» Exercise
Could you return, exactly as written, every line from the one containing "image Joven's Ferrets" through the last line of the entries below, leaving out the pictures?

» Information provided
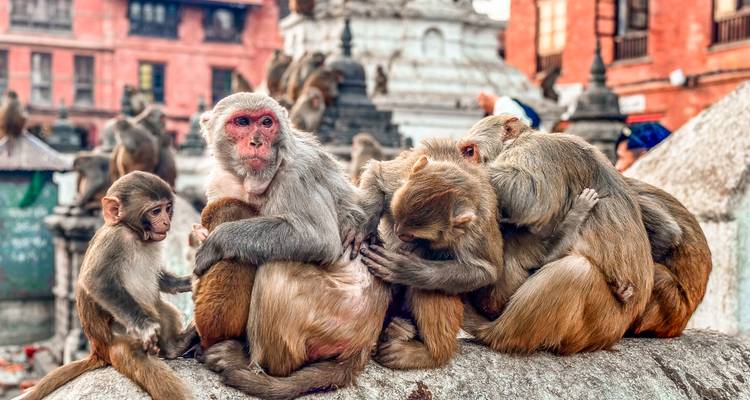 Family of rhesus monkeys huddled on ancient stone shrine in Kathmandu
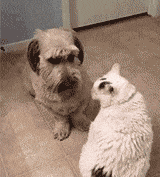 t0199b19fc136de82da.gif
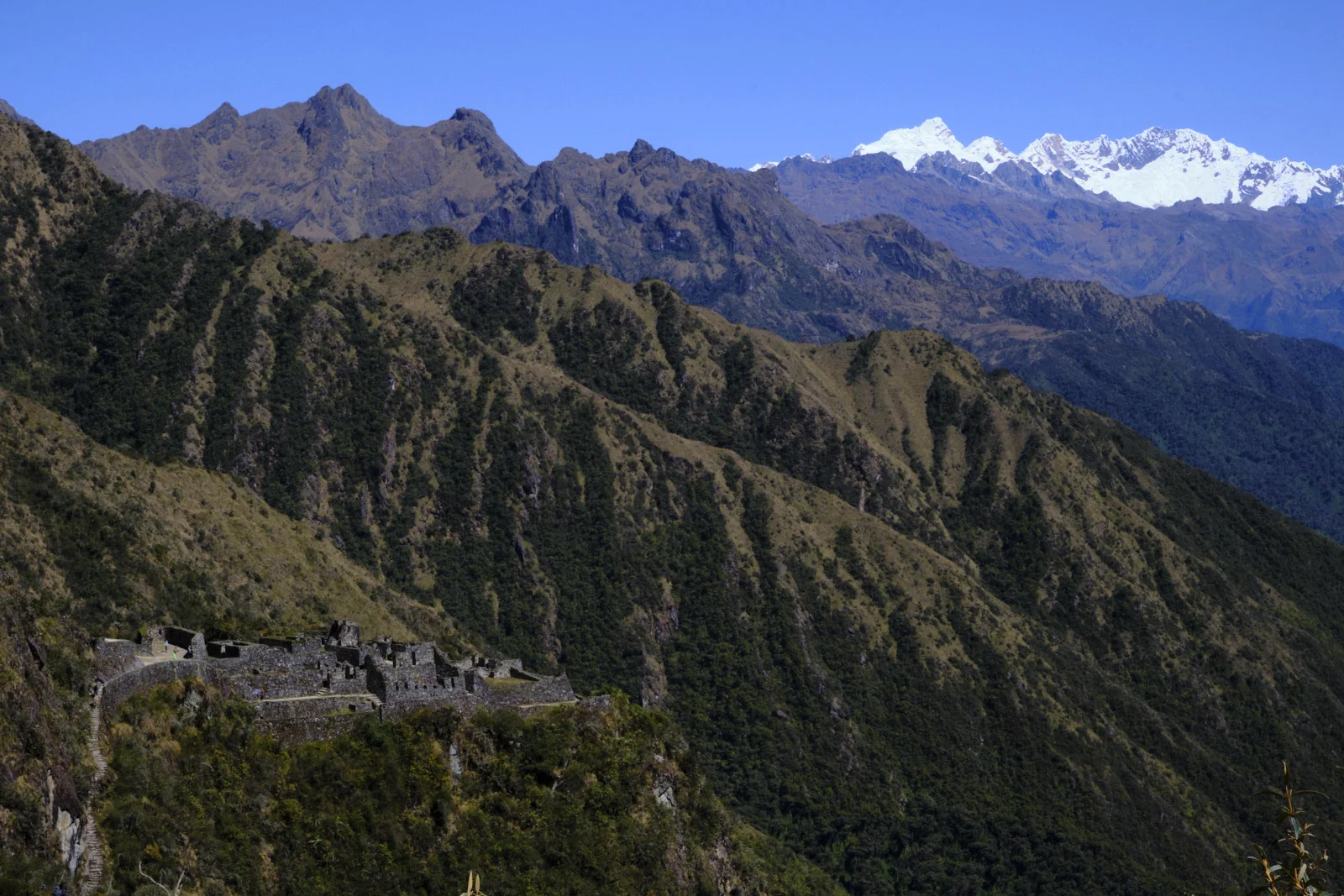 Sayacmarca, a cliff-edge Inca ruin on a forested spur, with Salkantay and the Vilcabamba snow range behind the dry ridges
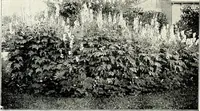 Picture 143 of 249 from Henderson's picturesque gardens and ornamental gardening illustrated (1908), leaf 102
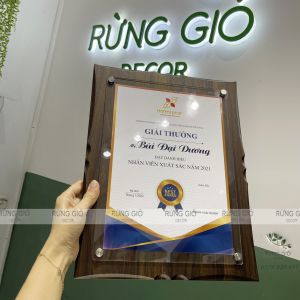 Bảng Vinh Danh A4 GỖ pha lê acrylic loại cao cấp cong họa tiết  - gỗ dày 1.5cm (để vừa giấy khen cỡ từ 21x30cm trở xuống), khung bằng khen A4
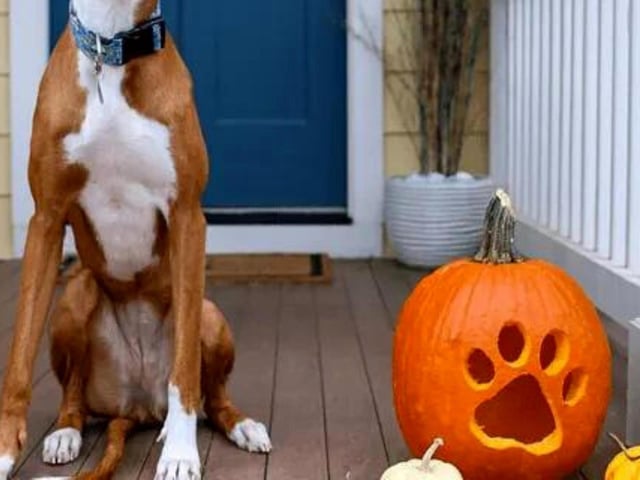 Who said every pumpkin needs to have a face? If you're a dog owner and you're open to guisers (or 'trick-or-treaters') coming round to your house but you're worried about your excitable canine companion then carving out a paw print and leaving it on your porch is a great way to communicate that while being original in your design.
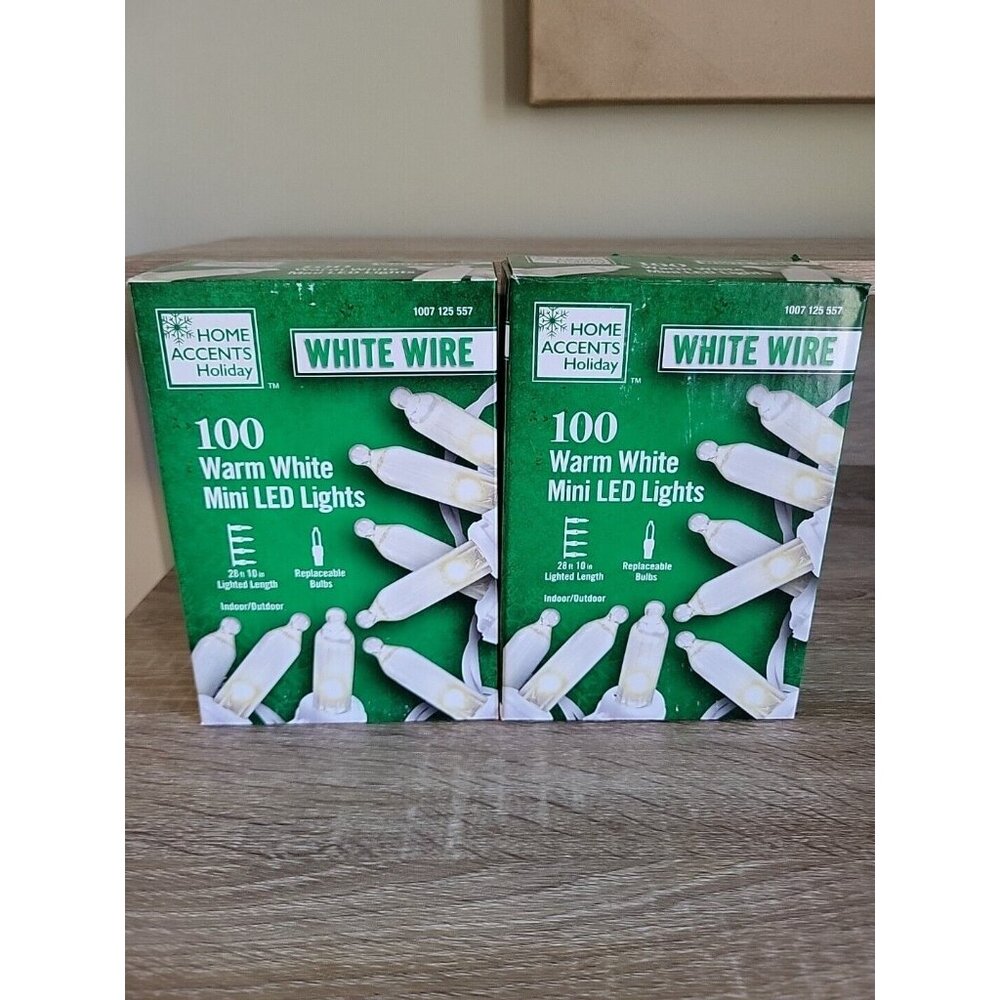 Home Accents 100ct x2 Warm White LED Mini String Lights Christmas White Wire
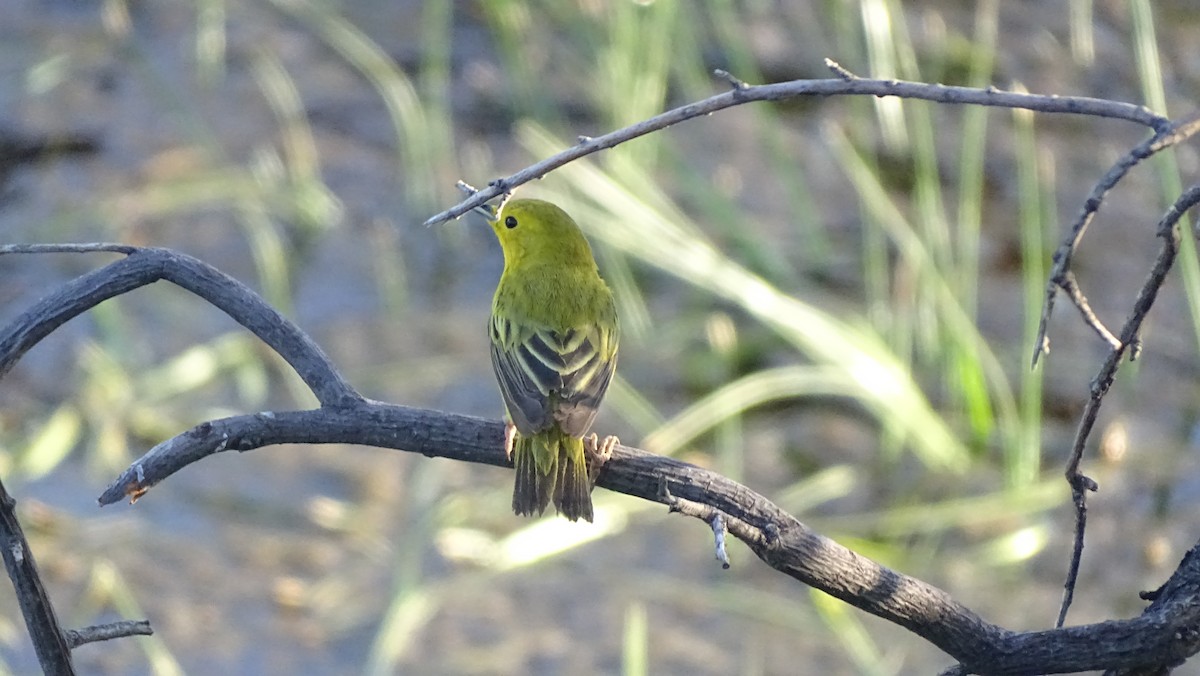 Yellow Warbler - ML638389419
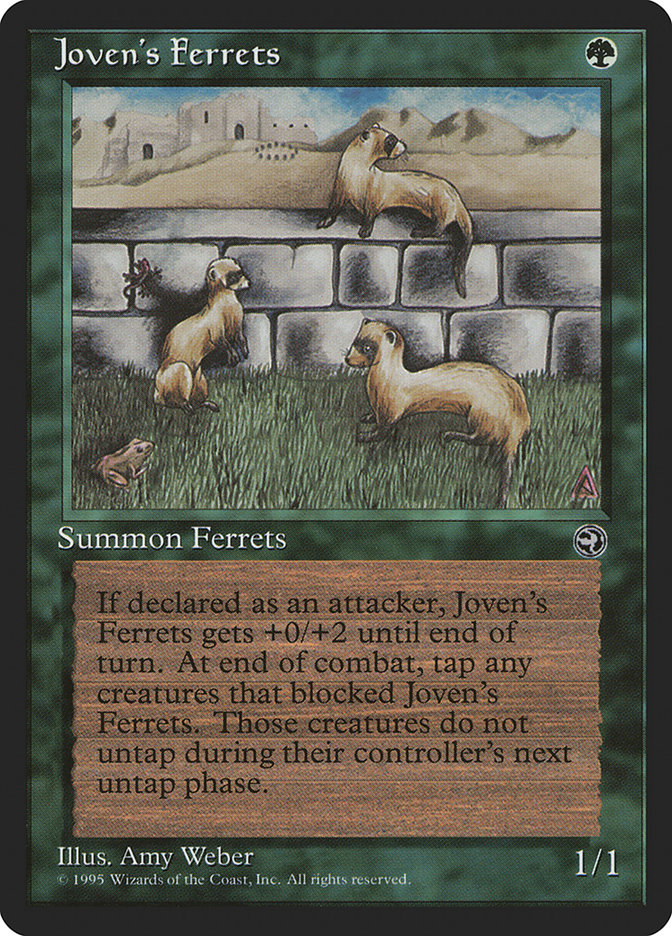 image Joven's Ferrets
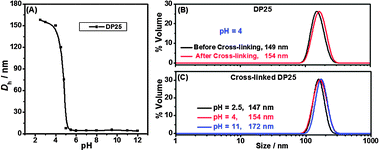 Hydrodynamic particle sizes (Dh) of self-assembled P(ONB-diacid)25-b-P(ONB-PEG2K)5 (DP25) (A) at varied pH before cross-linking, (B) at pH 4 before (black line) and after (red line) cross-linking, and (C) at different pH after cross-linking.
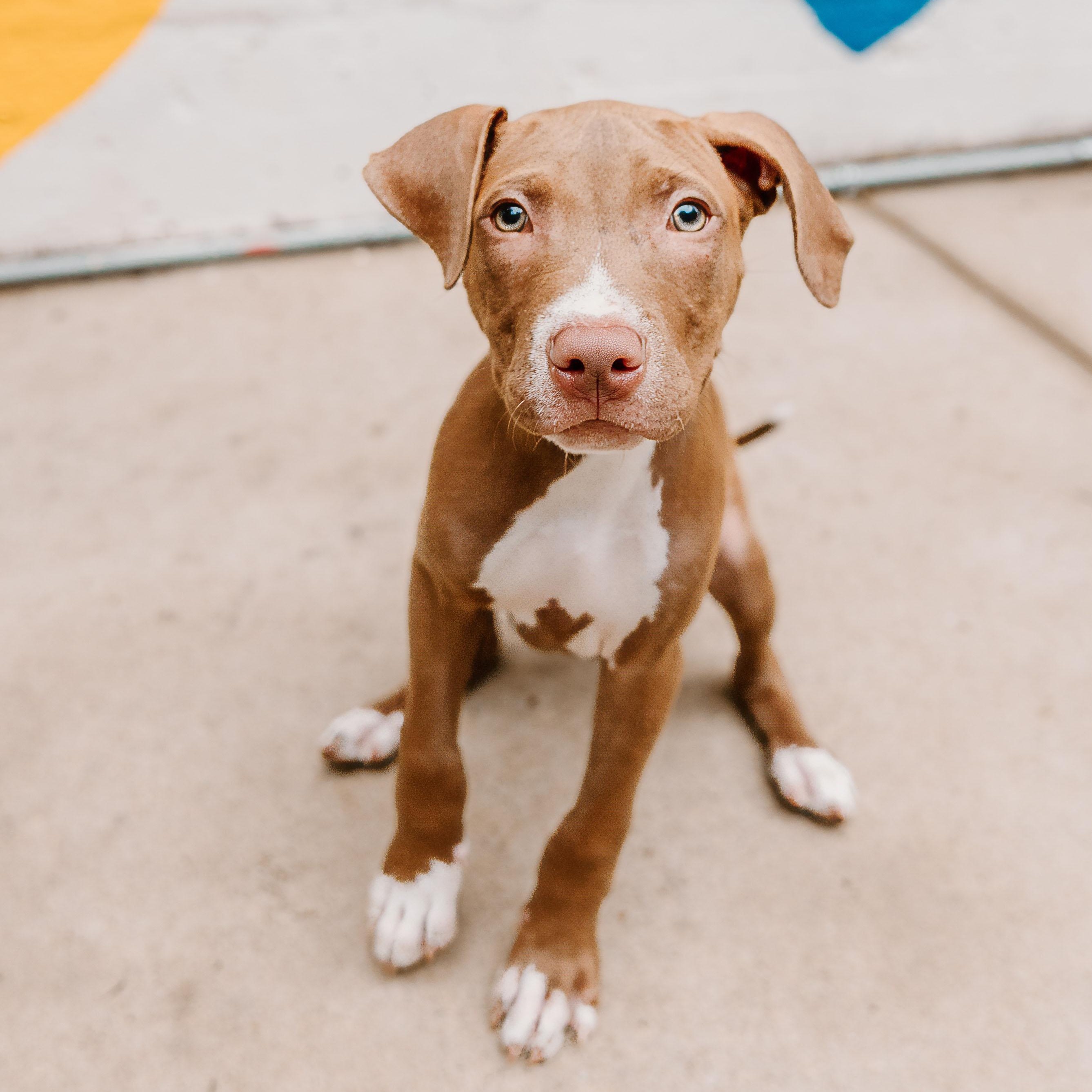 Andy, Adoptable, Puppy Male Labrador Retriever & Pit Bull Terrier.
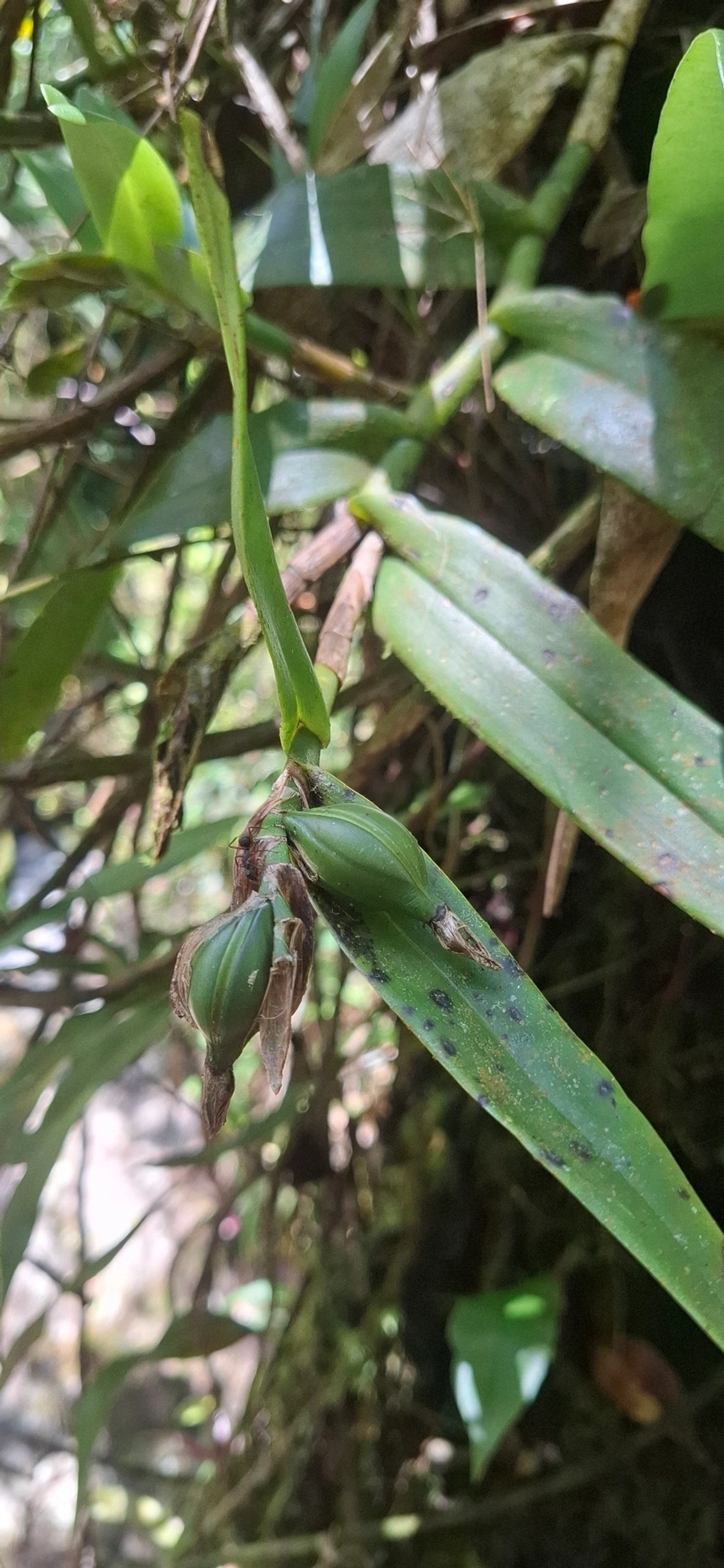 Epidendros (Epidendrum), plantas, fotografado em Queluz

» Solution to the problem
 image Joven's Ferrets
 Hydrodynamic particle sizes (Dh) of self-assembled P(ONB-diacid)25-b-P(ONB-PEG2K)5 (DP25) (A) at varied pH before cross-linking, (B) at pH 4 before (black line) and after (red line) cross-linking, and (C) at different pH after cross-linking.
 Andy, Adoptable, Puppy Male Labrador Retriever & Pit Bull Terrier.
 Epidendros (Epidendrum), plantas, fotografado em Queluz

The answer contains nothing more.